Don't treat this as fact.

I think one might want to buy two covers and double layer your boat.

Inside one becomes the outer on the next rotation.

There is the possibility that a degraded cover would allow enough UV *through* to be a problem before it tears.

Just a thought.

Two layers might help.


----------



## Andy H.

Just got this year's 10x20 tarp from the Great Satan of Retail for $25. It does double duty as a major shade structure with a few oars if needed. Whatever you get, put 12- or 16-oz steel cans over your oarlocks so they don't punch through. Held on with bungee cords on the corners and a 2' strap at the midpoints.

SYOTR,

-AH


----------



## Awalsten

Wet Dreams
www.wetdreamsriversupply.com/
Wet Dreams Sewing and River Supply NOW OPEN!!! 3780 N. Eagle Mountain Dr. Flagstaff, AZ 86004 928-864-7091. From south San Francisco Street drive ...

They make anything!


Sent from my iPad using Mountain Buzz


----------



## cataraftgirl

Here's a picture of mine. I should have said a tyvek like material, as I have no idea what it really is. It just reminds me of tyvek. One thing I like better about this cover over the tarp, is that water seems to evaporate quicker from it than the tarp. The tarp becomes a lake and stays a lake. The car cover is a lake for a little while, then evaporates. We had a horrendous dust storm several weeks ago. It made of huge mess of everything. The fine dust did blow through the car cover a bit. I shudder to think what the raft would have looked like with no cover.


----------



## yesimapirate

Awalsten said:


> Wet Dreams
> www.wetdreamsriversupply.com/
> Wet Dreams Sewing and River Supply NOW OPEN!!! 3780 N. Eagle Mountain Dr. Flagstaff, AZ 86004 928-864-7091. From south San Francisco Street drive ...
> They make anything!


We met the owner/operator on the Chama a couple years ago. His products looked good, and he was a very nice guy.


----------



## yesimapirate

In the raft specific covers, theBoatPeople have some. 
Raft Accessories


----------



## Whitewater Worthy Equip

We can make them too. Its already been said but they take a lot of material and a lot of time to make so that means they are not cheep. I make ours come down the tubes pretty far so when you tighten the draw string in the hem is secures it very well and you don't have to spend time messing with bungee cords. I would not recommend driving with the cover as I would be afraid that it would shred your beautiful new and expensive tarp. The material I use has a 5yr UV warranty but typically last significantly longer. Contact me directly as [email protected] if you have any question or I can help you with this or any other projects.


----------



## Jaxmedic

*Raft Covers*

I have a Whitewater Designs cover for my 15' Otter that easily covers the entire boat and frame - including the stern seat. 

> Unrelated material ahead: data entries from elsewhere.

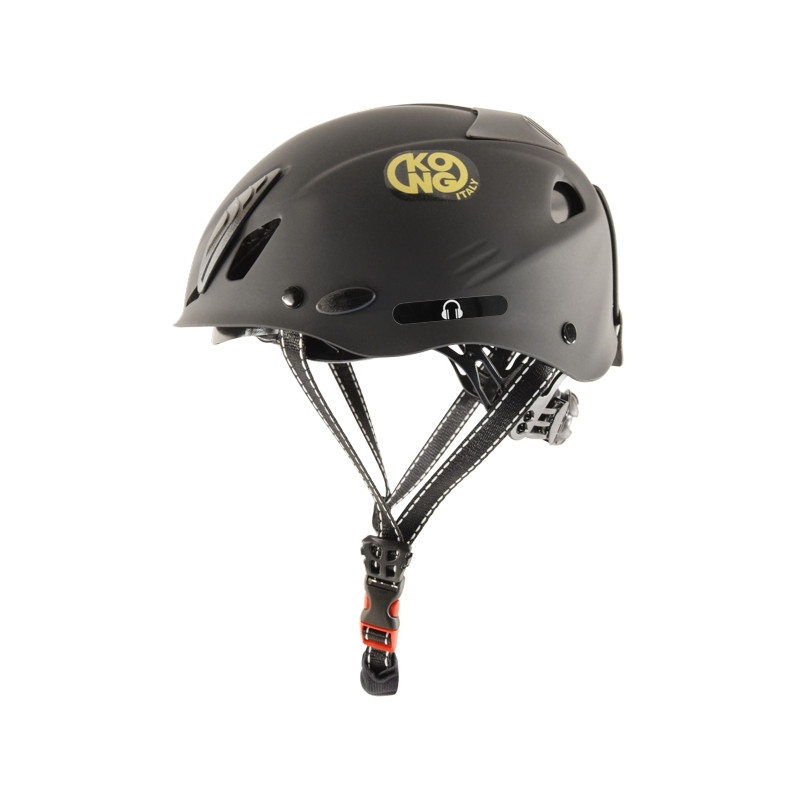 Casco Mouse Work nero Soft Touch - KONG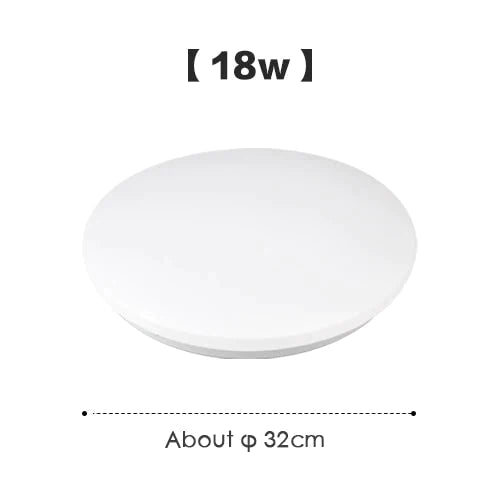 Plafonnier LED moderne monté en Surface, luminaire d'intérieur, décoration Simple pour la maison, cuisine, chambre à coucher, balcon, salon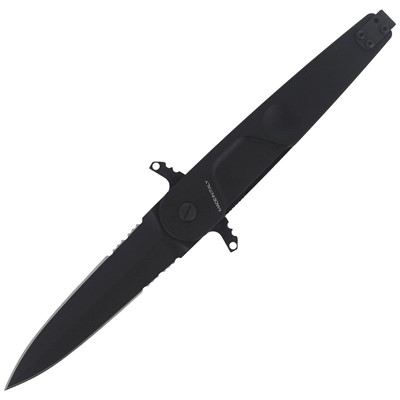 Nóż Extrema BD2 Contractor Black (04.1000.0229/BLK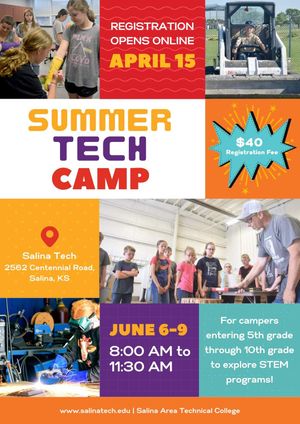 Summer Tech Camp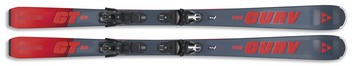 Лыжи горные Fischer The Curv GT 80 TRP + RSW 11 PR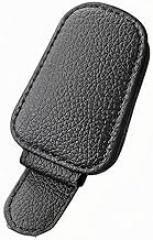 Car Glasses Clip for Subaru Outback Legacy Crosstrek Solterra Secure Stable Automotive Eyeglass Hanger,Sleek and Stylish Sunglasses Holder,Black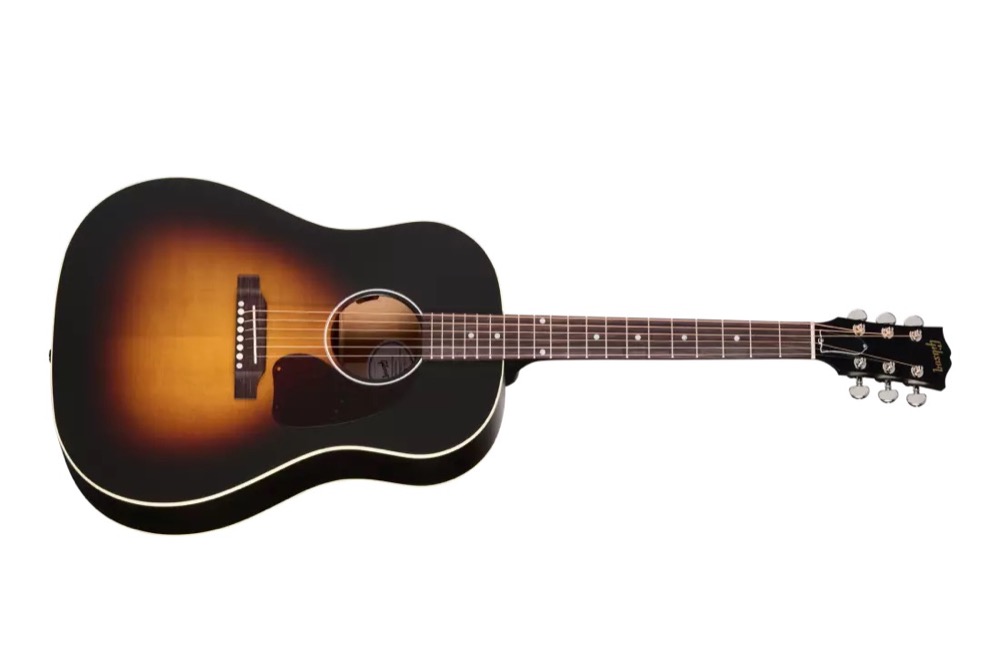 Gibson J-45 Special In Satin Vintage Sunburst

By virtue of our situation, my boat lives outside - inflated and on a trailer - year round here in SW Montana.

This cover works very, very well. It has elastic through the edges to grip around the bottom of the boat. It also has loops at both ends that allow for cinching the cover to the boat. Excellent UV protection. 

I've been using it for 5 straight years, and it is still in excellent condition. Bought it from Cascade Outfitters. Couldn't be happier with it!! 

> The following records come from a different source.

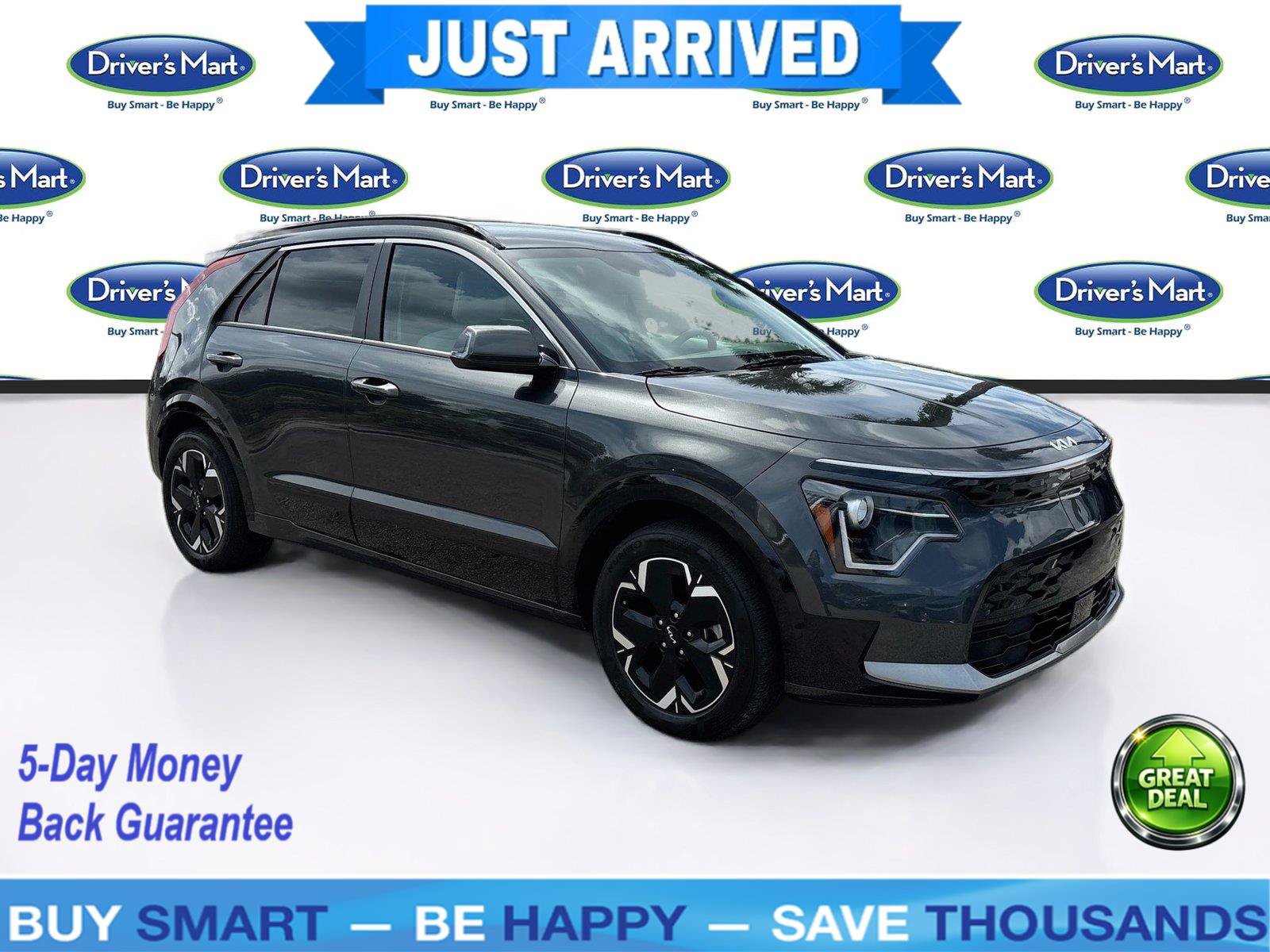 Used 2023 Kia Niro Wind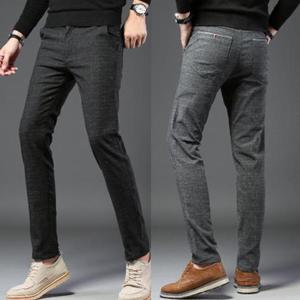 [깨비몰] 남자/패션정장바지/일자핏/캐주얼바지/빅사이즈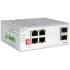 Коммутатор Origo OI2206P/120W OI2206P/120W/A1A (L2) 4x1Гбит/с 2SFP 4PoE 4PoE+ 120W неуправляемый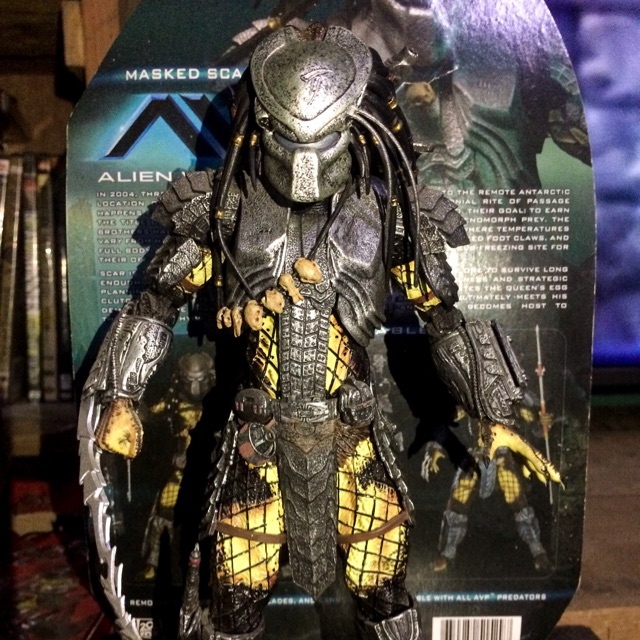 Jual NECA ORIGINAL Alien VS Predator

Downside: It was quite expensive - almost $400. On the other hand, if you have $6000-8000 invested in a boat... might be a worthwhile investment.

Not trying to sell anything..... I've just been happy with it.


----------



## Skikbum66

Tuff river stuff. Salida, Co. Always keep some spare loonies around to put on oarlocks. 

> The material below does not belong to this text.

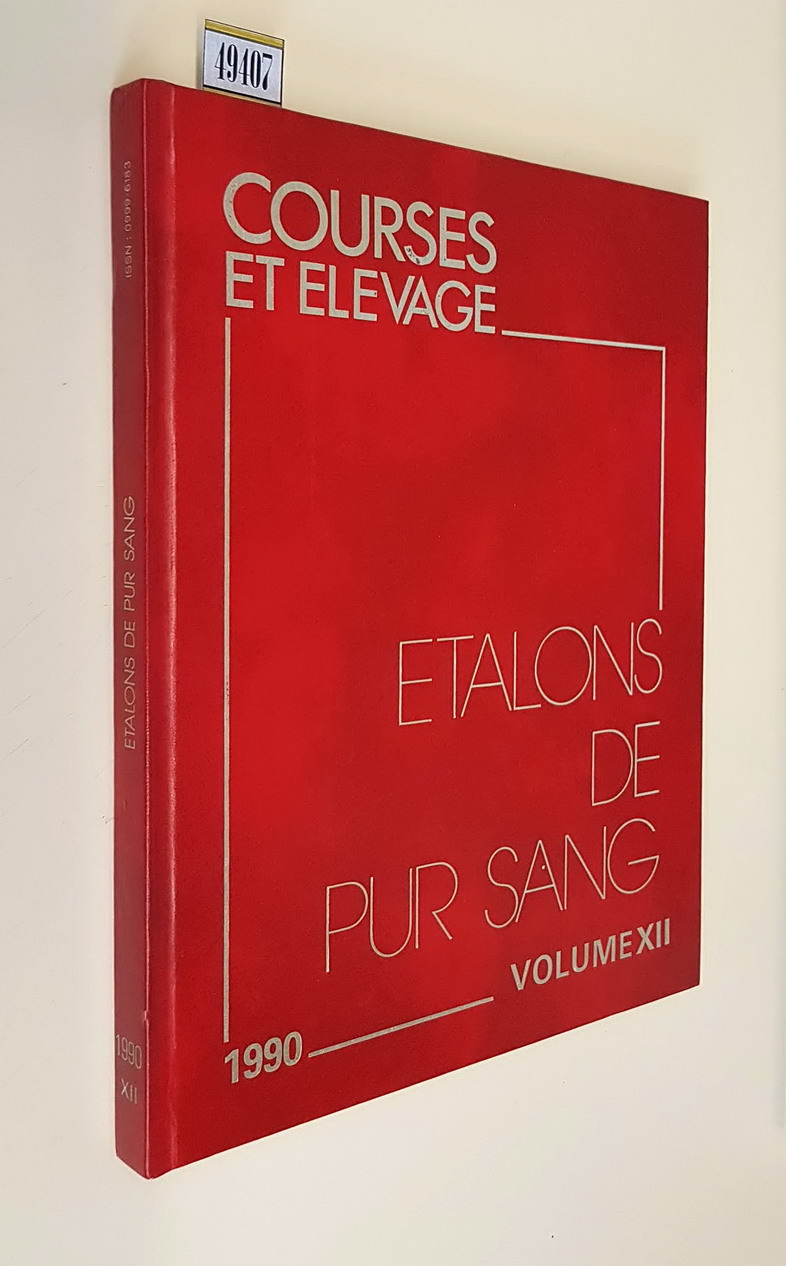 REPERTOIRE DES ETALONS DE PUR SANG (annÃ©e 1990) - Supplement …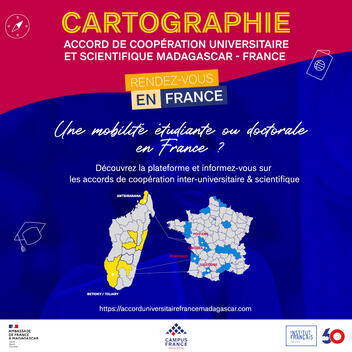 Cartographie - Post Instagram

Sent from my iPhone using Mountain Buzz


----------



## watauga

it may not be what you are looking for, but l use a shade cloth tarp, if keeps harmful uv rays off but lets air flow freely. easily found for under $100, there are several companies who make custom shapes and sizes. they are pretty indestructible. l throw the raft on the trailer, gear in the raft then strap it all down with the tarp(got the heavier version, same material truckers use to secure loads on open trailers. happy hunting...


----------



## PhilipJFry

psu96 said:


> Do you leave the frame off? Just wondering as I tried this and the oar locks tear a hole in the tarp...


I have the NRS Oar mounts, I just loosen the nuts and fold them down against the tubes with a rag between the mount and the tube so it doesn't leave aluminum marks. but if you don't have removable oar mounts, you're probably stuck with those things tearing in to the tarp, you might be best to get a car canopy to park under.


----------